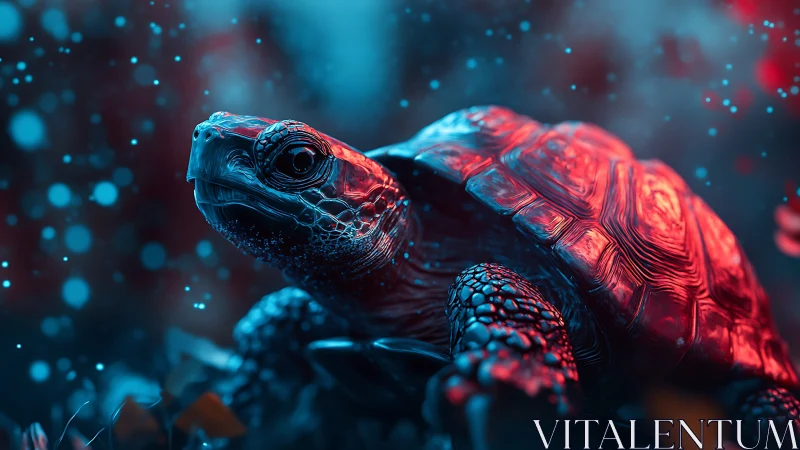 Bioluminescent-lit turtle rendered with high-detail bokeh depth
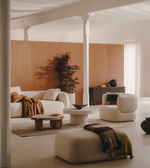 MARTINA Ecru bouclé footrest 123 x 85cm FSC Mix Credit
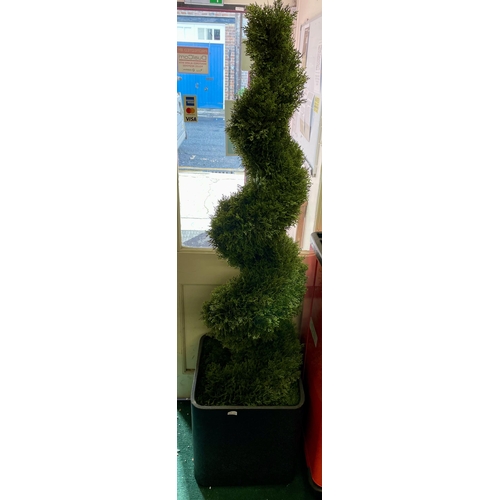 147 - 6FT CEDAR SPIRAL TOPIARY FAX TREE IN SLATE EFFECT POT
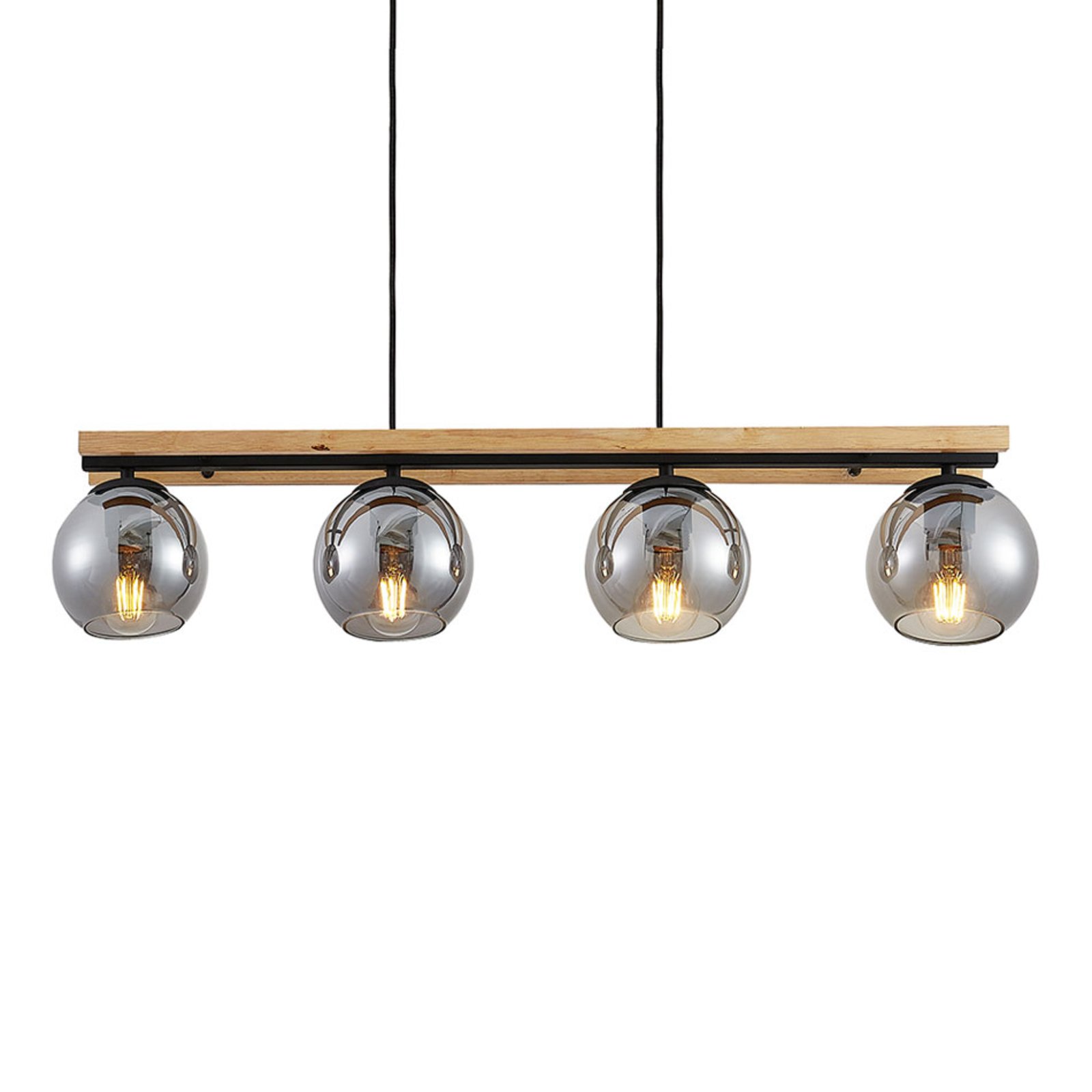 Lindby Philika glas-pendellampe, 4 lyskilder - pendel lampe - haengelampe - moderne lampe stue/spisestue - røggrå, lys eg, sort - glas, træ, stål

§ **What you will do**
The output is to be the material in full and unaltered, with pictures omitted.

§ **Task answer**
 Bioluminescent-lit turtle rendered with high-detail bokeh depth
 MARTINA Ecru bouclé footrest 123 x 85cm FSC Mix Credit
 147 - 6FT CEDAR SPIRAL TOPIARY FAX TREE IN SLATE EFFECT POT
 Lindby Philika glas-pendellampe, 4 lyskilder - pendel lampe - haengelampe - moderne lampe stue/spisestue - røggrå, lys eg, sort - glas, træ, stål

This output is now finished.